Have never felt more helpless reading a book than this story about a guy dreaming about a future where he’s watching a group of youths being bewitched by an evil house in the endless night despite the intervention of their weak God, all from the safety and distance of a 6 mile tall pyramid containing the last remnants of humanity.


Sorry to continue gushing but I just love this

Then, as I kneeled upward among the moss-bushes, and made to lay a true course unto the fire-hole, I perceived that there came a Being along
the Road unto my right; and I went low into the bushes, and moved not; for truly I had seen that there drew nigh one of the Silent Ones.
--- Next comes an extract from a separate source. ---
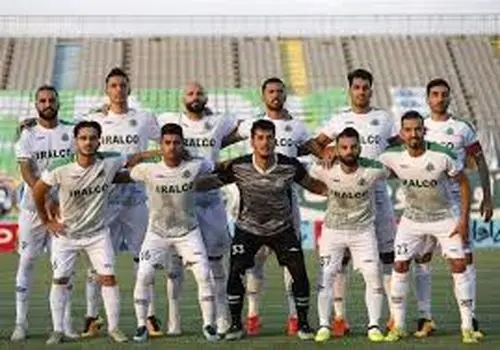 پرسپولیس به دنبال فروش یک ستاره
And I made a little place that should let me to see; and I spied out, with an utter caution; and lo! the Being came on very quiet, and with no hurry. And in a time, it went by me on the road, and did take no heed to me; yet did I feel that it had knowledge that I stoopt there among the moss-bushes. And it made no sound as it went; and was a Dreadful thing; yet, it did seem unto my heart, as that it had no trouble of Wanton Malice to work needless Destruction to any. And this, I crave strangely that you to understand; for it was so to me that I had a quiet and great respect for that thing; and did feel no hatred; yet was very dreadly in fear of it. And it was Huge in size, and was shrouded unto its feet, and seemed, maybe ten feet high. Yet, presently, it was gone onward down the Road, and I was no more troubled by it.


Out of curiosity I looked up The Night Land and am confused as apparently there are two versions, an original one and a rewritten version by a different author from about a century later. The odder part is that the rewritten version seems to be comfortably rated higher which doesn’t seem to ever be the case.

Anyways this is me asking which version you are reading.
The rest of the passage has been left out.